If no present consideration has passed between the parties other than their mutual promises or execution of the agreed wills, a will made pursuant to an agreement is unilaterally revocable during the lifetime of the parties, but only after adequate notice to the other party in sufficient time for the latter to make a new will if desired. Allen v. Dillard, 15 Wn.2d 35, 51, 129 P.2d 813 (1942); Reutlinger & Oltman, supra, § C.3, at 307. If a valid agreement is proven, a party or a beneficiary to the agreement may maintain a suit for specific performance or other appropriate relief. Allen, 15 Wn.2d at 45.

Whether a contract to make mutual wills was made is ordinarily a question for the trier of fact. Newell, 23 Wn. App. at 769; see also Saluteen-Maschersky v. Countrywide Funding Corp., 105 Wn. App. 846, 851-52, 22 P.3d 804 (2001) (noting that the existence of an oral contract is a factual determination unless the evidence is undisputed); In re Estate of Wade, 202 Kan. 380, 387, 449 P.2d 488 (1969) ("it has become firmly established that whether a will was the product of an agreement is a question of fact"). Whether adequate consideration exists is also a factual determination. Swanson v. Liquid Air Corp., 118 Wn.2d 512, 524, 826 P.2d 664 (1992).

In challenging the court's findings and conclusion that Earle was bound by his agreement with Barbara as to how their estates would be distributed on the death of the second to die, Earle Jr. assigns error to (1) the trial court's asserted failure to recognize the independent legal validity and enforceability of Earle's and Barbara's CPA; (2) four of the trial court's findings of fact, which he contends are not supported by substantial evidence; and (3) an erroneous conclusion that Earle's and Barbara's oral agreement was not barred by the statute of frauds. We address his assignments of error in turn.

I

Most of Earle Jr.'s legal argument is devoted to his contention that Earle's and Barbara's CPA superseded any oral contract to make mutual wills, a result he claims was ignored by the trial court. Generally, contracts are in conflict if the legal effect of a subsequent contract rescinds an earlier contract and becomes its substitute, making the subsequent contract the only agreement between the parties covering the same subject matter. Stranberg v. Lasz, 115 Wn. App. 396, 402-04, 63 P.3d 809 (2003) (recognizing that a CPA was not inconsistent with the wills at issue because they all could be read together); see also In re Estate of Bachmeier, 147 Wn.2d 60, 66, 52 P.3d 22 (2002) (reaffirming that a CPA could be rescinded by mutual intent clearly demonstrated through the preparation of mutual wills).

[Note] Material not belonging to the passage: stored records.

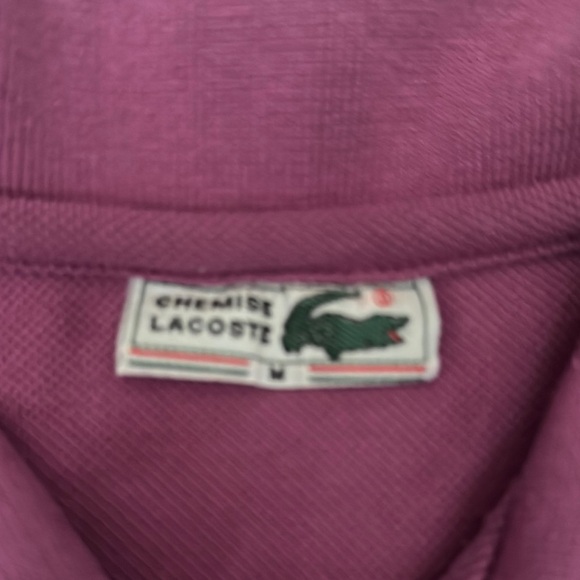 Vintage Chemise Lacoste Purple Polo Shirt Size Medium - Picture 2 of 5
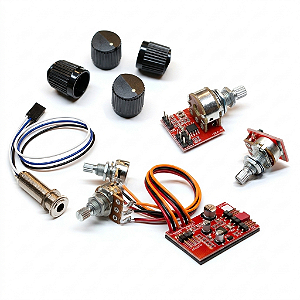 Kit Pré-Amplificador LHZ-04 HazLabs Clone p/ Baixo Ativo com Blend, Volume, Jack Switchcraft e Knobs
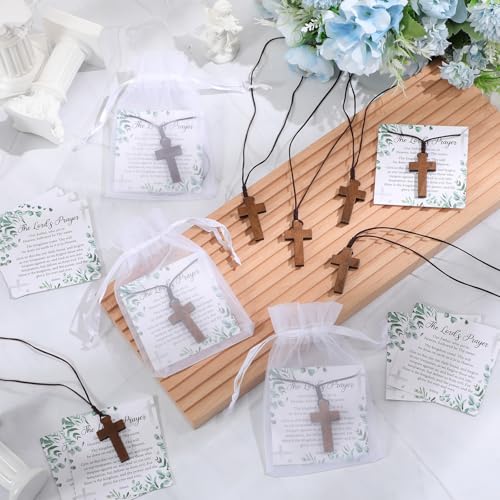 Ecatio Wooden Cross Necklace Bulk, Christmas Faith Christian Gift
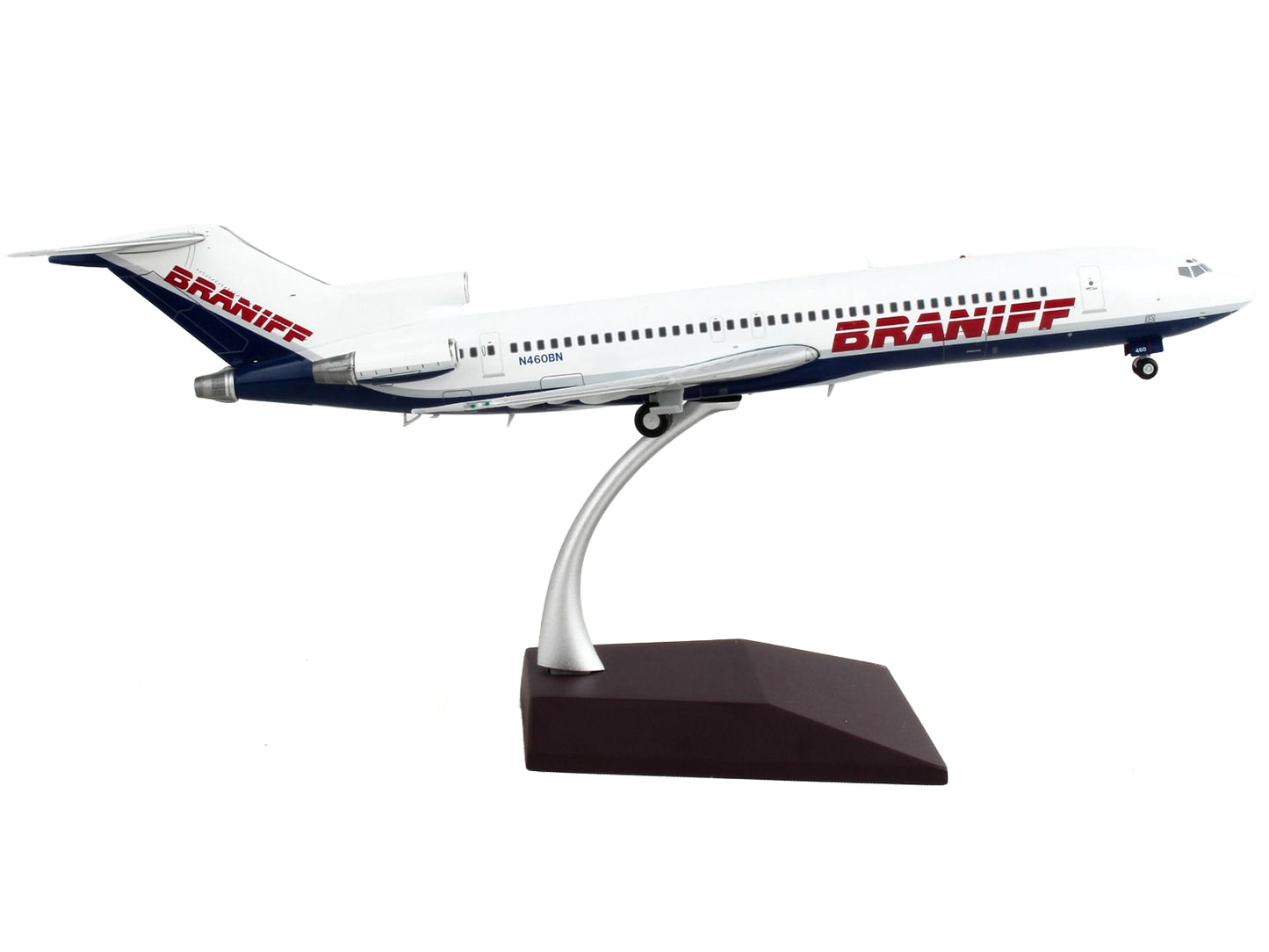 GeminiJets Boeing 727-200 Commercial Aircraft "Braniff International Airways" White and Blue "Gemini 200" Series 1/200 Diecast Model Airplane by GeminiJets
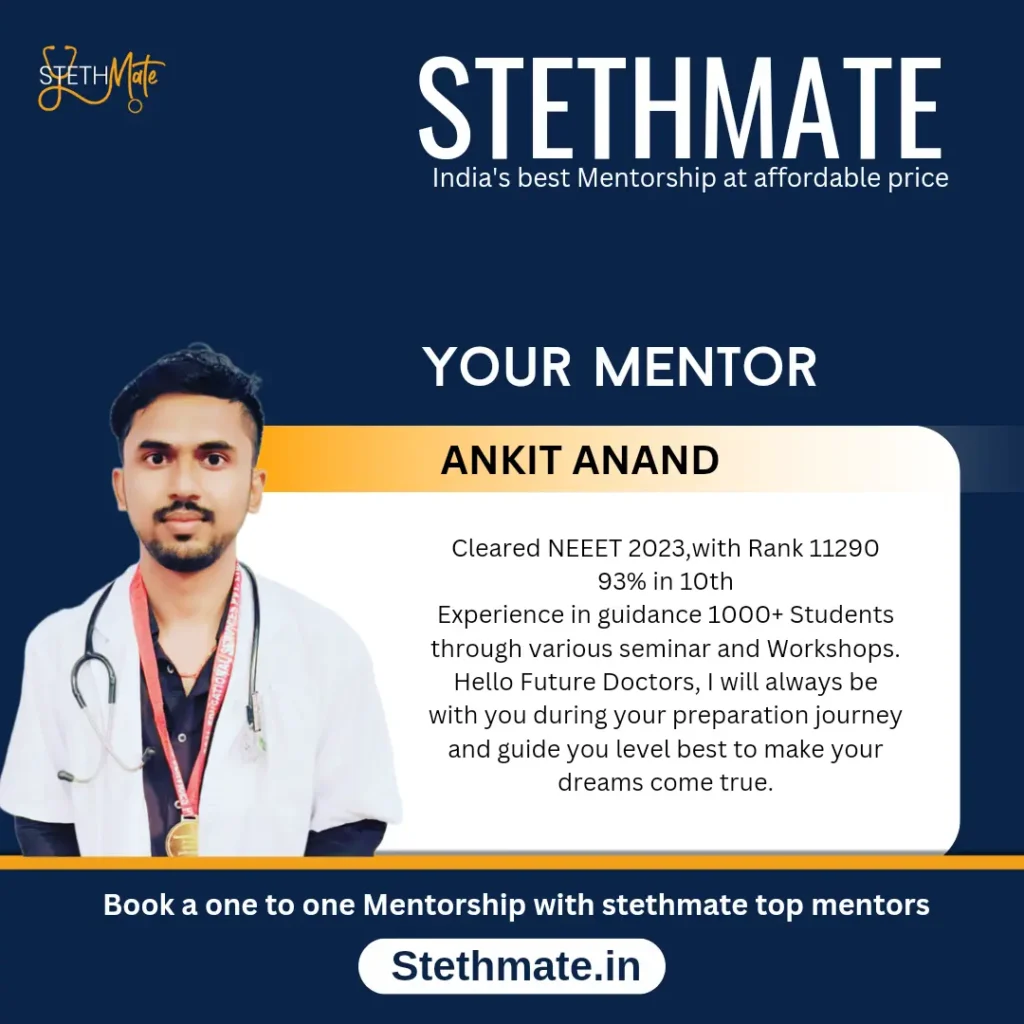 ANKIT ANAND Cleared NEEET 2023, with Rank 11290 93% in 10th Experience in guidance 1000+ Students through various seminar and Workshops. Hello Future Doctors, I will always be with you during your preparation journey and guide you level best to make your dreams come true.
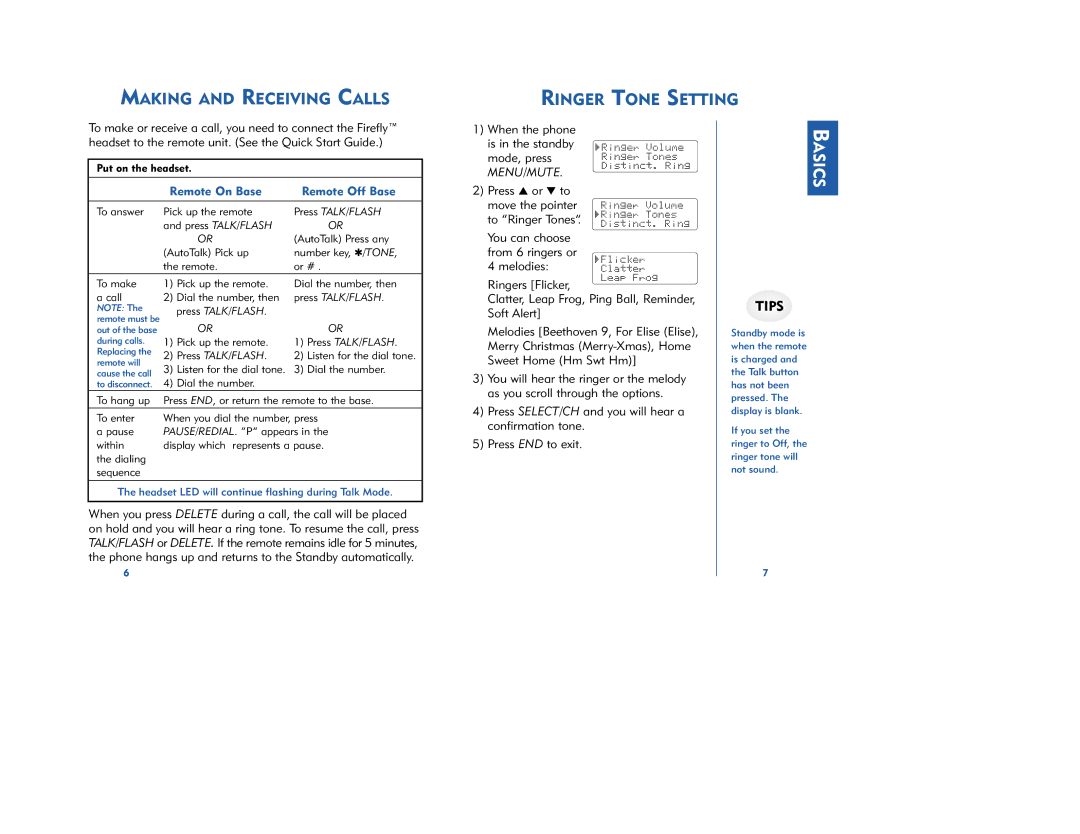 Plantronics 66523-01 manual Making and Receiving Calls Ringer Tone Setting, Remote On Base Remote Off Base 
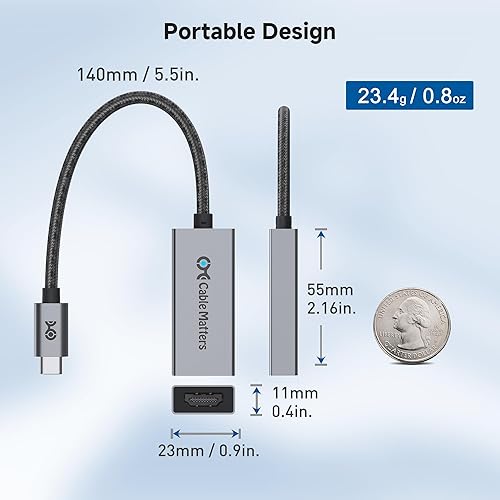 Cable Matters 48Gbps Unidirectional USB C to HDMI Adapter, Supports 8K  60Hz 4K 240Hz HDR, Thunderbolt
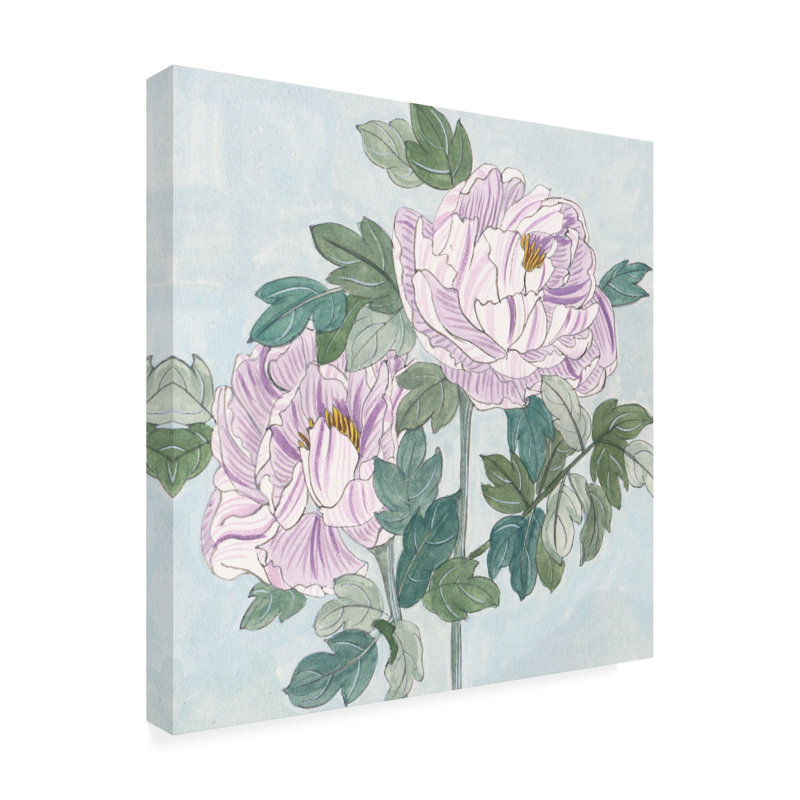 "Pivoines rayées I" sur toile, H 14 po x l 14 po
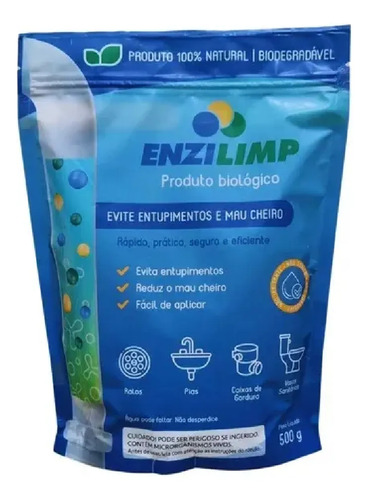 Enzilimp Elimina Odor Ralo Pia Vaso Fossa Caixa De Gordura 500g
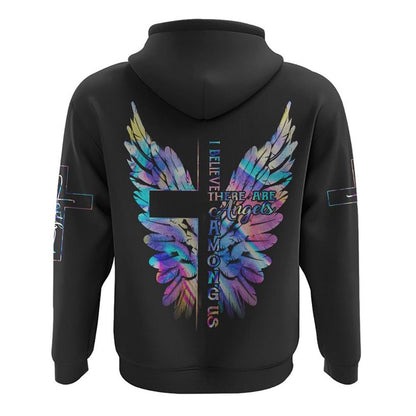 I Believe There Are Angels Among Us Wings Cross All Over Print 3D Hoodie, Christian Hoodie, Christian Sweatshirt, Bible Verse Shirt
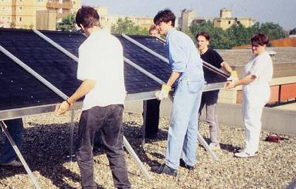 An der Schule wird Solarenergie genutzt
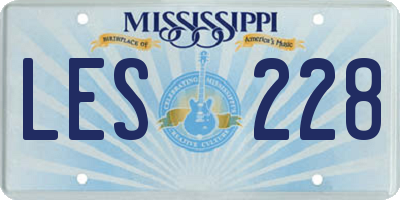 MS license plate LES228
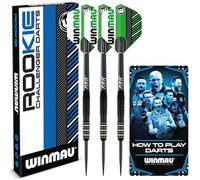 WINMAU Rookie Jeu de fléchettes en Laiton Vert avec ailettes, tiges (tiges) et livret de fléchettes Exclusif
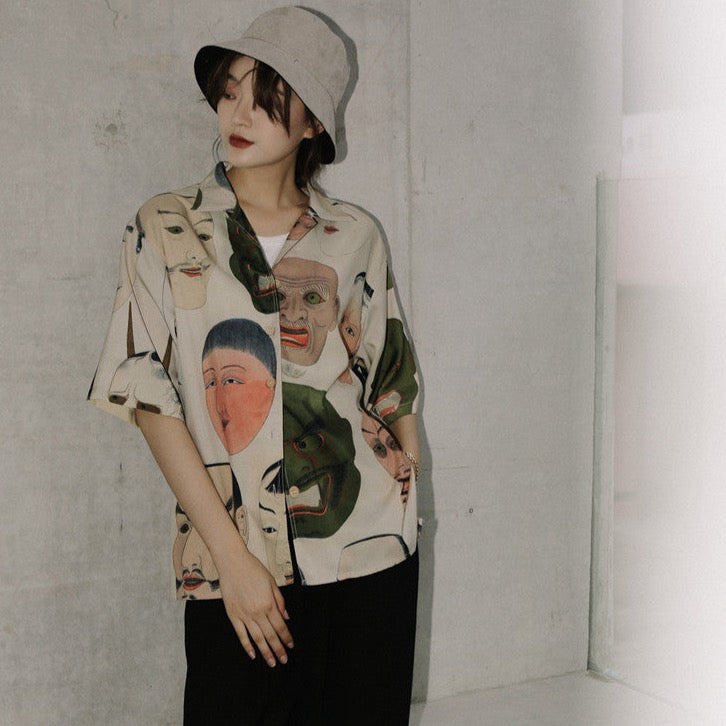 Mio Japanese Faces Ukiyoe Print Shirts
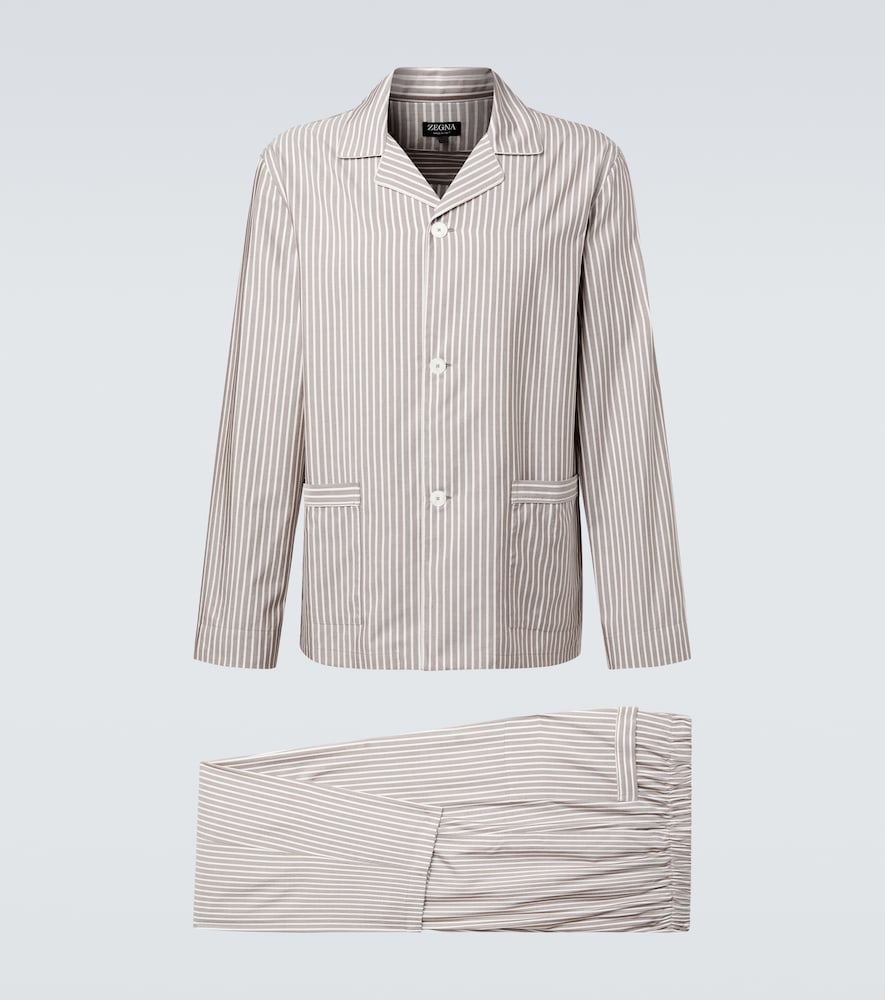 Zegna Striped silk, cotton, and cashmere pajamas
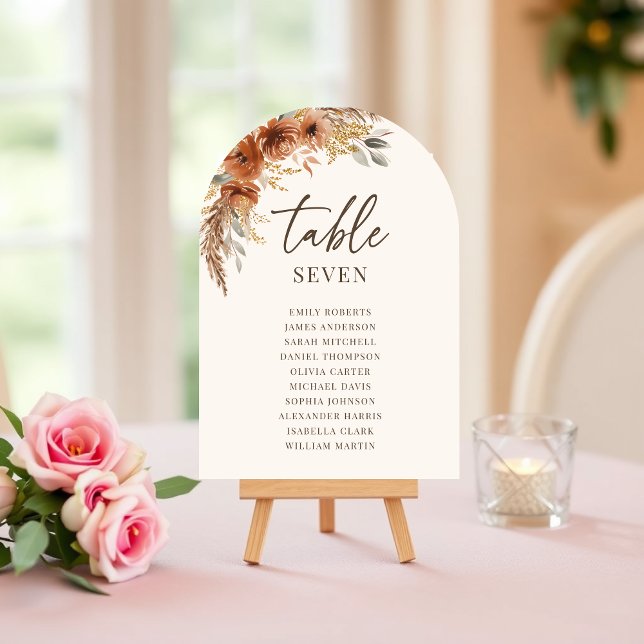 Convite Número da Mesa de Assentos de Terracota para Casam (Terracotta Fall Wedding Seating Table Number)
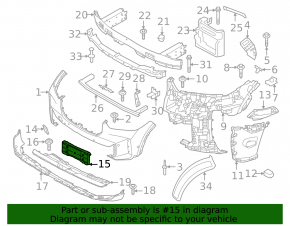 BMW X5 G05 24-26 Front Bumper License Plate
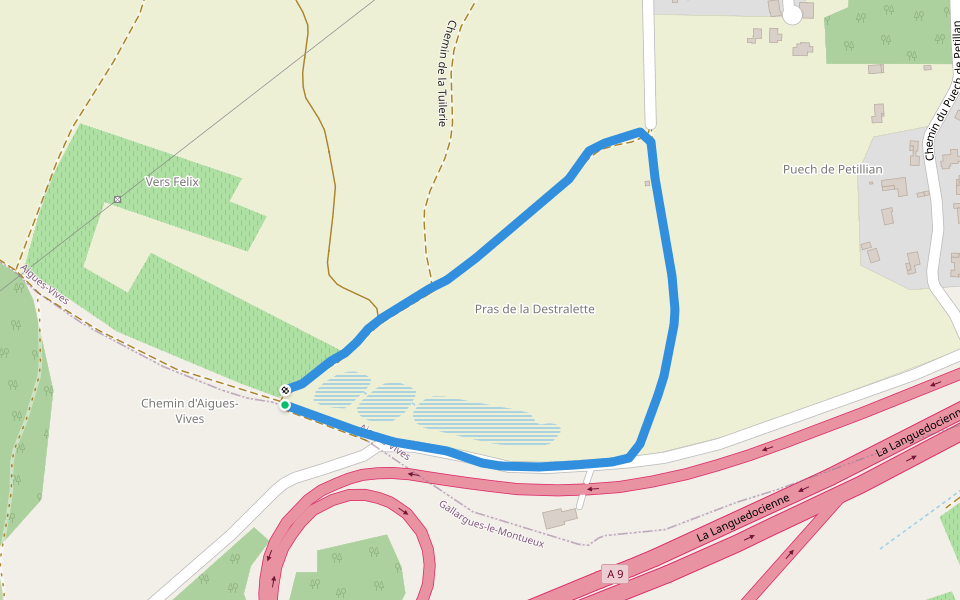 Pras de la Destralette walking route map in Gallargues-le-Montueux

We do not see the conflict between the agreement to make mutual wills and the CPA that Earle Jr. repeatedly claims exists but never identifies. The CPA (unlike the agreement) converted Barbara's separate property to community property. It thereby affected which assets would pass from one spouse to the other on the death of the first to die, but its conversion of assets did not change the fact that the survivor would ultimately own all of the couple's assets by virtue of the combined operation of the CPA and the wills and could therefore make a promise how to distribute them at death. The agreement to make wills, as effectuated by the 2005 wills, went beyond the CPA and addressed the agreed disposition of assets upon the death of the survivor, but it was identical to the CPA as far as the CPA went: it provided that the first to die would leave his or her entire estate to the survivor.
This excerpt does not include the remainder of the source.